Whats your LTV? are u near the next threshold to get a lower rate in a couple of years meaning that a 2 year fixed would be good so you can get the next rate down, or miles away and so it'll take u at least 5 years to get to the next threshold (assuming house prices stay stable). Are you planning a family in the next 5 years? Having a reduced income due to childcare and/or working part time/not at all could make the difference on affordability checks.
How close are you sailing to the wind with your mortgage payments at the moment? Could you afford anything over 2.09....if you fixed for 2 years and the best deal was 3 when to came to an end, would that be ok as far as you can forsee?

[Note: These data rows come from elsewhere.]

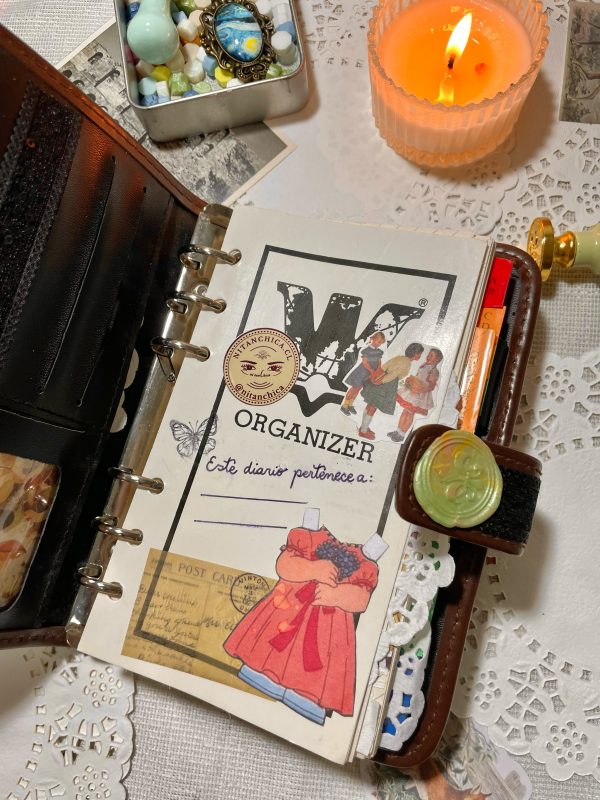 Diario / Planner 2003 vintage Intervenido con bolígrafo de perla
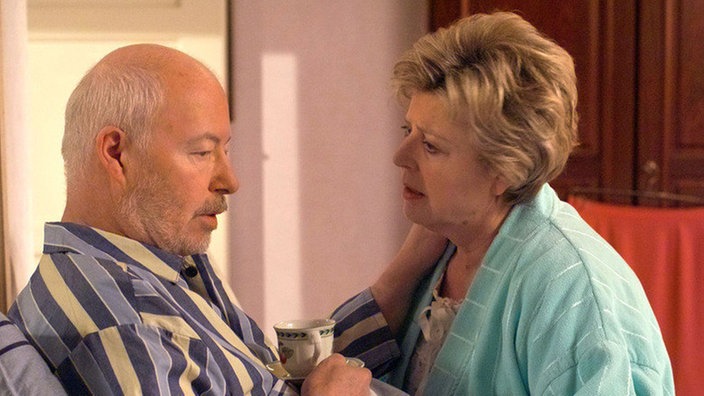 Helga (Marie-Luise Marjan) und Erich (Bill Mockridge) beraten, wie sie Nastya zu einem Gespräch mit dem Psychiater bewegen können.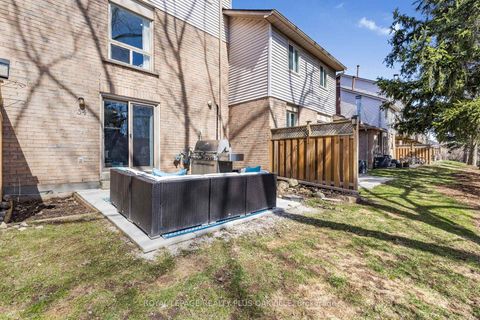 Photo 27 at 34 - 2272 Mowat Avenue, RO River Oaks, Oakville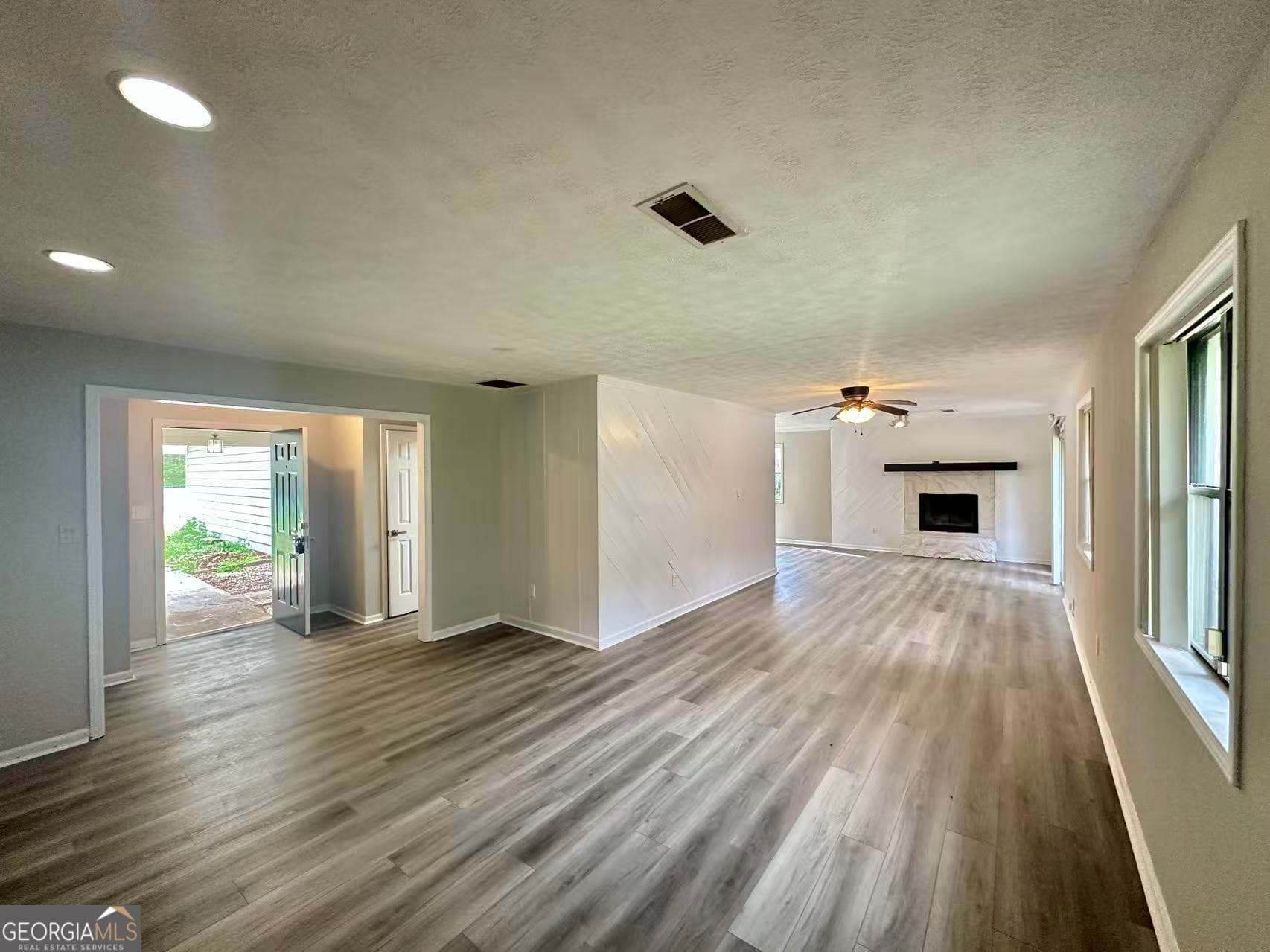 3 bedroom, 2 bathroom, 1,900 sq ft single family residence for rent at 100 Lakeview Lane, Fayetteville, GA 30214 for $2,300 a month — photo 8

Any idea how your income is going to look in 2 years? Generally stable job/Industry?
They could both be good deals, changes in circumstances doesn't change that. It's just a change in circumstances, it's whether or not you could adapt to that change.
We fixed for 5 years. We were going to be starting a family and didn't want to 'stick out head above the parapet' with the building society for a while. We're also risk averse. The mortgage is manageable but the cost difference between the 2&5 year was negligeble. We have no desire to move for at least a decade.
We also reduced required payments by maxing out the term and are overpaying. If we needed to we could overpay more or stop payments completely and those overpayments would be used as our regular monthly payments...we're currently a year 'ahead'....not all mortgages offer that facility though.
All this was because of contemplating the what ifs, I sleep very well at night knowing I'm secure for the next 5 years but this scenario isnt necessarily right for you.0 -
There's so much wrong with this post that I can't even beginThe main thrust of your argument seems to be based on a presumed house price crash of 25% coupled with the threat of "temporary unemployment" just as the fix is coming to an end. I'm all for a bit of forward thinking but do you always plan for financial Armageddon when it comes to mortgages?! If so the last 10 years must've been absolute hell for you.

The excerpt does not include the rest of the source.